MATERIAL FOR THIS TASK START

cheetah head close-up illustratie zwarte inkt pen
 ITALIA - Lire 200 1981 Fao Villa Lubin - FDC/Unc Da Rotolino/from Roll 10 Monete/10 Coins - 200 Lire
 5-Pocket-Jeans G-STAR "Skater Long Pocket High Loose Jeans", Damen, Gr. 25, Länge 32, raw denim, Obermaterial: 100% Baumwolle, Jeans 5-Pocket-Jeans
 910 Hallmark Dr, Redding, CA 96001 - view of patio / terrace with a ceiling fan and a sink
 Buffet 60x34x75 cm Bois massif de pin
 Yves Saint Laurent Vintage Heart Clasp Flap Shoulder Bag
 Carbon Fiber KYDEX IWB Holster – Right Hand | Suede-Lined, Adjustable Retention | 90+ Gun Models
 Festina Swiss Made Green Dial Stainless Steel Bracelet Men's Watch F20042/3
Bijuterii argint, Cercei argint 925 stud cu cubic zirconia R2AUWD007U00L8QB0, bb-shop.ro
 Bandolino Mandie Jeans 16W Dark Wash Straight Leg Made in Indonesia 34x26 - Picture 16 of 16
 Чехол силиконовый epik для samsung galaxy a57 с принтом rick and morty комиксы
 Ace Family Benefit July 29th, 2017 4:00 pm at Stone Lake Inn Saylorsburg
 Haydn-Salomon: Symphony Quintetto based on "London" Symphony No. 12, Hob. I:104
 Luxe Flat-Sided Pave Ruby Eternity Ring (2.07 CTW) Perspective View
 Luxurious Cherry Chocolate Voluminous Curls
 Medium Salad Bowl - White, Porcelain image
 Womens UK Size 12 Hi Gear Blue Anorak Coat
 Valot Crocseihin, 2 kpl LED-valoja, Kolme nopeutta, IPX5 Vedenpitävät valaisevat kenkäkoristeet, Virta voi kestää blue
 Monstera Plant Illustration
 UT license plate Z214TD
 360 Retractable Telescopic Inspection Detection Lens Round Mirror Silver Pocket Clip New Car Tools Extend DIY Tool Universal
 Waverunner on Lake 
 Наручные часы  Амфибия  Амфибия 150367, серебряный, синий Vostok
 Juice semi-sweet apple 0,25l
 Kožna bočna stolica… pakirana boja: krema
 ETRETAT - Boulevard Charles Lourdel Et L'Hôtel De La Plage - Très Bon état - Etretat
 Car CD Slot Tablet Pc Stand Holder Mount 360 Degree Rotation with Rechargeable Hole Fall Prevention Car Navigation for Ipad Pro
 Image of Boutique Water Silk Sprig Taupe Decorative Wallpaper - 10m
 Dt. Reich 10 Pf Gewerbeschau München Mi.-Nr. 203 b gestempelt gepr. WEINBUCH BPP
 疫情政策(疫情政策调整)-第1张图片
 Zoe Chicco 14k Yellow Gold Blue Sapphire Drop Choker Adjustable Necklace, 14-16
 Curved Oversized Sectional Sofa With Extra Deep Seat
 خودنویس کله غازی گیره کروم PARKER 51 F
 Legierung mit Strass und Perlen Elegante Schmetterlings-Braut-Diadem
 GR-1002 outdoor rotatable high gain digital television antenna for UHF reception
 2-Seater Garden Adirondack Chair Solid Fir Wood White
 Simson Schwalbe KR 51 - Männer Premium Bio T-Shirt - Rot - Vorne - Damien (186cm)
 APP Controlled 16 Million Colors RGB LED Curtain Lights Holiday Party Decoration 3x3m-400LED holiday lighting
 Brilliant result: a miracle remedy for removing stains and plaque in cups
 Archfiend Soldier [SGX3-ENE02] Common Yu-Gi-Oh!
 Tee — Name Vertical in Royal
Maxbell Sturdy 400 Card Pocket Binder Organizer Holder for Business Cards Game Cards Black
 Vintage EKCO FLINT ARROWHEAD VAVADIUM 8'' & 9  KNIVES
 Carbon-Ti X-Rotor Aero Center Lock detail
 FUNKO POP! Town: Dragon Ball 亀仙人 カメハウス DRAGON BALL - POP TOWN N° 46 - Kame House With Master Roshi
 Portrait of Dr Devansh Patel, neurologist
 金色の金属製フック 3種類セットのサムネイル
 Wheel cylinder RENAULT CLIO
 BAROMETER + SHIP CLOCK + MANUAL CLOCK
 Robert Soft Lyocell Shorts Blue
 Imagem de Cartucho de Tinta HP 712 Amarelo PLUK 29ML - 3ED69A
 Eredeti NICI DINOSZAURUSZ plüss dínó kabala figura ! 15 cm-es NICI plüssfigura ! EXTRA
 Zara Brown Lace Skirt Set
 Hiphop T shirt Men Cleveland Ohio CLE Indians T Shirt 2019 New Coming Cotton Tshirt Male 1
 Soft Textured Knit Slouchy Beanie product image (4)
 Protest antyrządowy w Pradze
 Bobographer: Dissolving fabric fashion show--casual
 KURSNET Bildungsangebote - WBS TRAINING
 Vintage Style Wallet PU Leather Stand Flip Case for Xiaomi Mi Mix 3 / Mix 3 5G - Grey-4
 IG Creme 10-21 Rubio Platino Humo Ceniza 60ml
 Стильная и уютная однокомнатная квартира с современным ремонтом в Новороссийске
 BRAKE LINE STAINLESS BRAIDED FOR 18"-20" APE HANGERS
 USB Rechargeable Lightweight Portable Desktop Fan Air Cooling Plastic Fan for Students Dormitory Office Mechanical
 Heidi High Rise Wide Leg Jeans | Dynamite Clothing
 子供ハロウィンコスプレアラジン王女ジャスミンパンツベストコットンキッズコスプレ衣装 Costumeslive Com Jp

MATERIAL FOR THIS TASK END

_ABOUT THIS EXERCISE_.
Where the line holding "Чехол силиконовый epik" appears in the listing above, start reproducing exactly, and end with the line holding "FUNKO POP! Town: Dragon".

_PROBLEM SOLUTION_.
 Чехол силиконовый epik для samsung galaxy a57 с принтом rick and morty комиксы
 Ace Family Benefit July 29th, 2017 4:00 pm at Stone Lake Inn Saylorsburg
 Haydn-Salomon: Symphony Quintetto based on "London" Symphony No. 12, Hob. I:104
 Luxe Flat-Sided Pave Ruby Eternity Ring (2.07 CTW) Perspective View
 Luxurious Cherry Chocolate Voluminous Curls
 Medium Salad Bowl - White, Porcelain image
 Womens UK Size 12 Hi Gear Blue Anorak Coat
 Valot Crocseihin, 2 kpl LED-valoja, Kolme nopeutta, IPX5 Vedenpitävät valaisevat kenkäkoristeet, Virta voi kestää blue
 Monstera Plant Illustration
 UT license plate Z214TD
 360 Retractable Telescopic Inspection Detection Lens Round Mirror Silver Pocket Clip New Car Tools Extend DIY Tool Universal
 Waverunner on Lake 
 Наручные часы  Амфибия  Амфибия 150367, серебряный, синий Vostok
 Juice semi-sweet apple 0,25l
 Kožna bočna stolica… pakirana boja: krema
 ETRETAT - Boulevard Charles Lourdel Et L'Hôtel De La Plage - Très Bon état - Etretat
 Car CD Slot Tablet Pc Stand Holder Mount 360 Degree Rotation with Rechargeable Hole Fall Prevention Car Navigation for Ipad Pro
 Image of Boutique Water Silk Sprig Taupe Decorative Wallpaper - 10m
 Dt. Reich 10 Pf Gewerbeschau München Mi.-Nr. 203 b gestempelt gepr. WEINBUCH BPP
 疫情政策(疫情政策调整)-第1张图片
 Zoe Chicco 14k Yellow Gold Blue Sapphire Drop Choker Adjustable Necklace, 14-16
 Curved Oversized Sectional Sofa With Extra Deep Seat
 خودنویس کله غازی گیره کروم PARKER 51 F
 Legierung mit Strass und Perlen Elegante Schmetterlings-Braut-Diadem
 GR-1002 outdoor rotatable high gain digital television antenna for UHF reception
 2-Seater Garden Adirondack Chair Solid Fir Wood White
 Simson Schwalbe KR 51 - Männer Premium Bio T-Shirt - Rot - Vorne - Damien (186cm)
 APP Controlled 16 Million Colors RGB LED Curtain Lights Holiday Party Decoration 3x3m-400LED holiday lighting
 Brilliant result: a miracle remedy for removing stains and plaque in cups
 Archfiend Soldier [SGX3-ENE02] Common Yu-Gi-Oh!
 Tee — Name Vertical in Royal
Maxbell Sturdy 400 Card Pocket Binder Organizer Holder for Business Cards Game Cards Black
 Vintage EKCO FLINT ARROWHEAD VAVADIUM 8'' & 9  KNIVES
 Carbon-Ti X-Rotor Aero Center Lock detail
 FUNKO POP! Town: Dragon Ball 亀仙人 カメハウス DRAGON BALL - POP TOWN N° 46 - Kame House With Master Roshi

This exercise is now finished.